→ **Task to carry out**
Print exactly, and only, the lines from the one that has "Flat for sale in Summerbee House, Wandsworth" through the end of the material below, with both ends included and the pictures omitted.

→ **Information supplied**
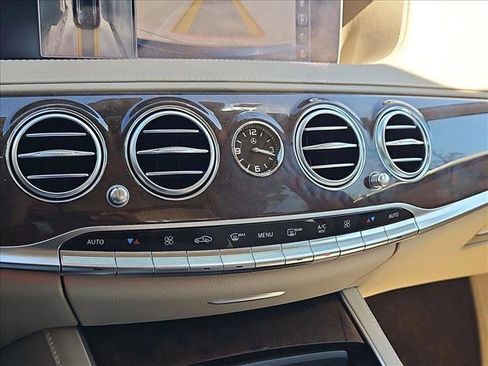 Used 2018 Mercedes-Benz S 560 Sedan image 14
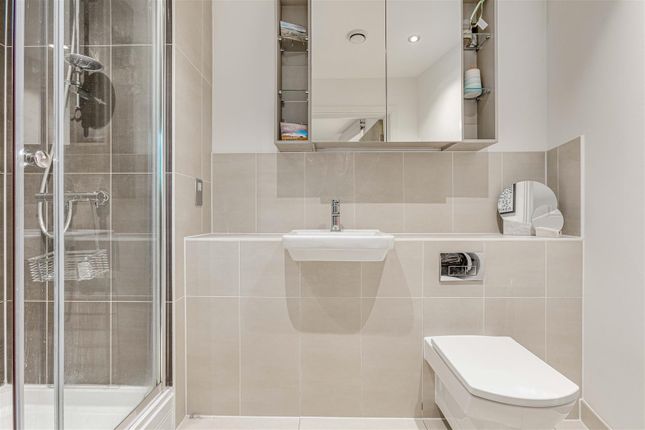 Flat for sale in Summerbee House, Wandsworth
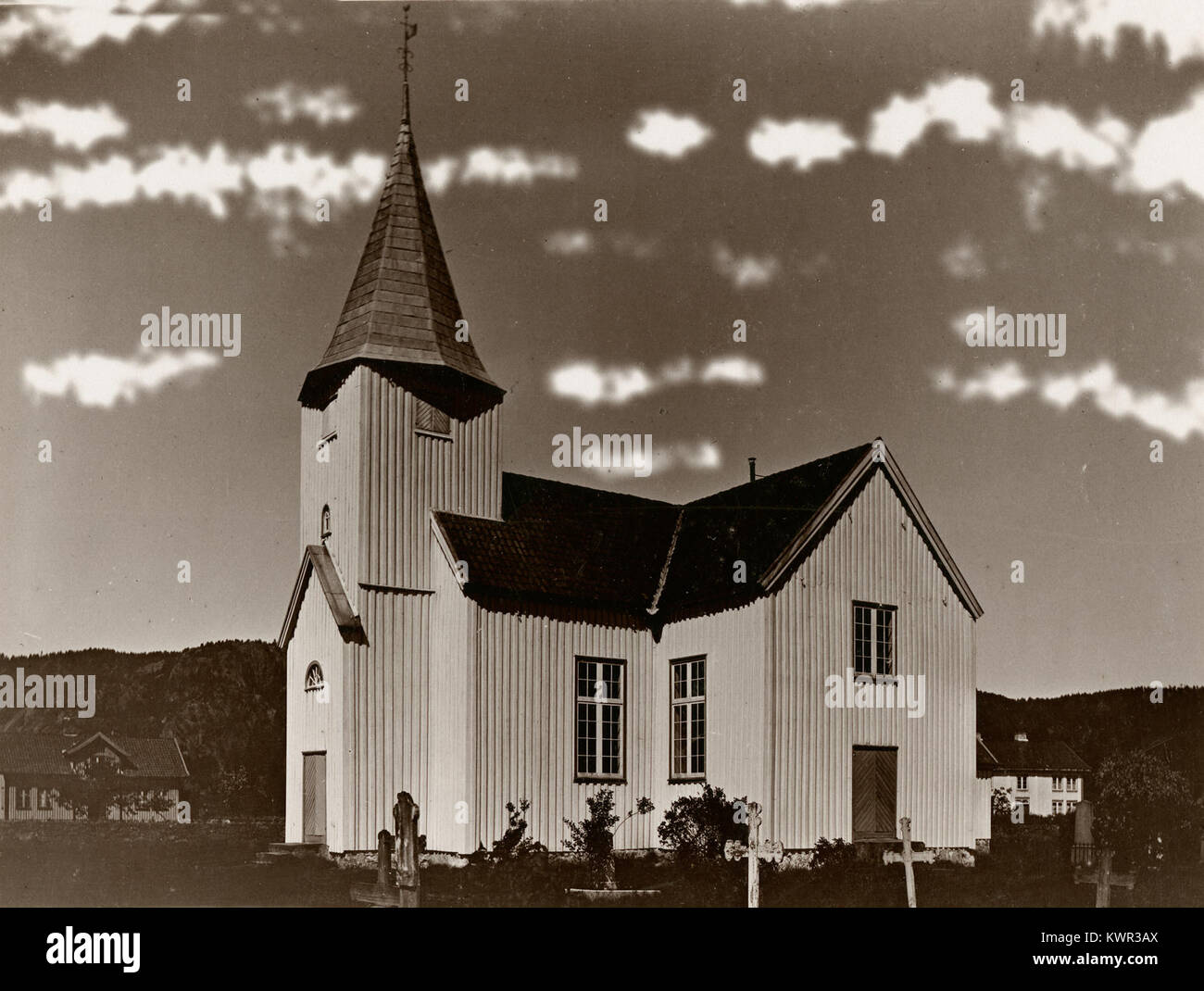 Chiesa di Øyslebø a Vest-Agder, Norvegia, una chiesa parrocchiale in legno costruita nel XIX secolo, caratterizzata dal tradizionale design ecclesiastico norvegese e dall'ambiente rurale. Foto Stock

→ **Output for this exercise**
 Flat for sale in Summerbee House, Wandsworth
 Chiesa di Øyslebø a Vest-Agder, Norvegia, una chiesa parrocchiale in legno costruita nel XIX secolo, caratterizzata dal tradizionale design ecclesiastico norvegese e dall'ambiente rurale. Foto Stock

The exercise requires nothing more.